User Interface, Display and Audio Quality

 User Interface

Although HP’s Mini netbooks don’t have quite the same mindshare as the ASUS Eee PC or Acer’s ever-affordable offerings, the Mini line has always been competitive and well reviewed. The early Mini netbooks had fabulous keyboards and great build quality, but were harped on for some odd decisions, such as placing the touchpad buttons to the sides of the touchpad instead of underneath.

The HP Mini 210’s keyboard is a standard island-style model with small keys that are separated by wide gaps. There is a fine line between a gap that is too wide and one that is too small, and in this case I think HP has gone too wide, resulting in keys that are a little smaller than they need to be. Thankfully, the keys are at least pleasant to press.

The layout of the HP Mini 210 is cramped, and the palmrests small, which means I can’t comfortably type on it for long periods of time. This, however, is not the fault of the HP Mini 210, but rather the 10.1”netbook in general. I’ve yet to find a typing experience on a netbook of this size that fits my hands well, but the HP Mini 210 certainly has one of the better netbook keyboards currently available. A person with small hands would likely have no problem navigating the Mini 210.

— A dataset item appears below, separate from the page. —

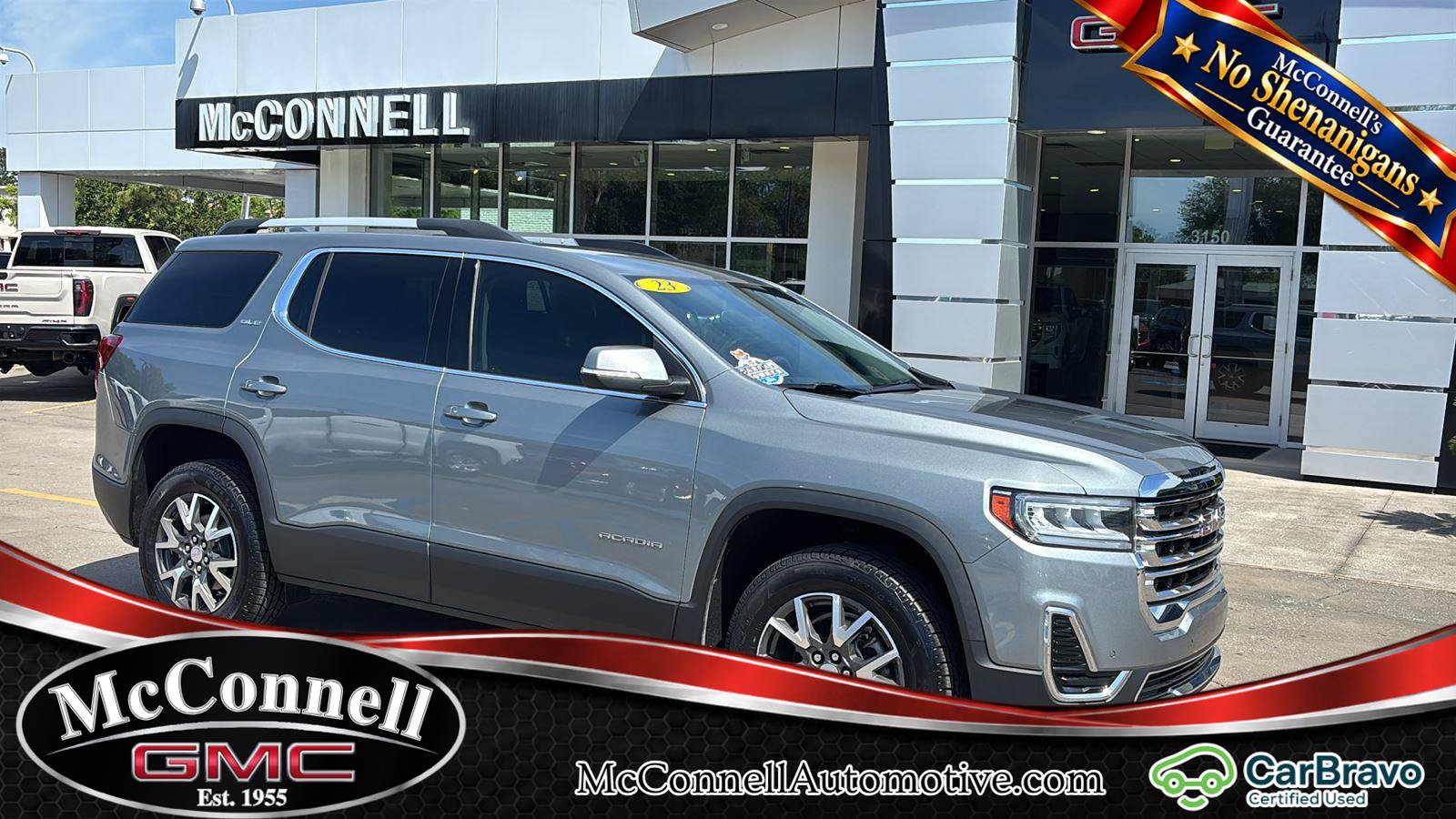 Certified 2023 GMC Acadia SLE w/ Driver Convenience Package FWD image 1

While the touchpad on the HP Mini 210 doesn’t place the buttons along the side, it still deviates from the norm. The touchpad buttons are not actually buttons at all, but instead a part of the touchpad surface itself. If you’ve ever used a MacBook, you’ll be instantly familiar with this design. The downside of this is that the buttons offer little tactical feedback, but the advantage is an improvement in the touchpad’s usable surface area. Given the limited real estate on a netbook, it’s a tradeoff that is worthwhile.

Display and Audio Quality

At first glance, the display on the HP Mini 210 is drop-dead gorgeous. In another design nod to Apple, the Mini 210 has an edge-to-edge glass (well, plastic, most likely) panel that covers both the 10.1” display and the bezel. The bezel itself is quite substantial, so the effect is not as dramatic as it could be, but this approach is undeniably better than that taken by most netbooks  – so long as your keep the Mini 210 in a dark room.

In a sunlit room, however, the Mini 210 becomes a victim of glare. There is plenty of it to be found, and the problem is distracting even when using the Mini 210 near a window on a cloudy day. In full sunlight the Mini becomes difficult to use. The problem seems to be a combination of an extremely glossy display material, a backlight of only moderate brightness, and a glossy display bezel that only serves to enhance the impact of reflections. 

Once you fight past the glare you’ll find a thoroughly average display. Viewing angles aren’t great, black levels are poor, and contrast is decent. In other words, it’s no better or worse than the display you’ll find on any other netbook or mid-range laptop. Since the display is of the smaller 10.1” variety, the resolution is 1024×600, which is fine considering the size. Overall, while it’s easy to see the faults, the Mini 210 is in no way behind the competition. Virtually every netbook display has similar issues.

Although the audio on the HP Mini 210 is simple, it gets the job done. The speakers are mounted at the very front of the netbook and given a slight downward tilt. This actually does wonders for the volume of the Mini 210’s audio if you’re using the netbook on flat, hard surface. 

Using the netbook on your lap can be a different story, as the audio will become muffled because of the speaker position. If you don’t mind or can avoid that scenario, you’ll likely be happy with what the Mini 210 offers. Music sounds a bit tinny and there is no bass to speak of, but you can at least fill a small room, and there’s not much distortion. If you’re listening to a podcast or watching a YouTube clip you’ll likely have no complaints. Voices come through clear and with substantial volume.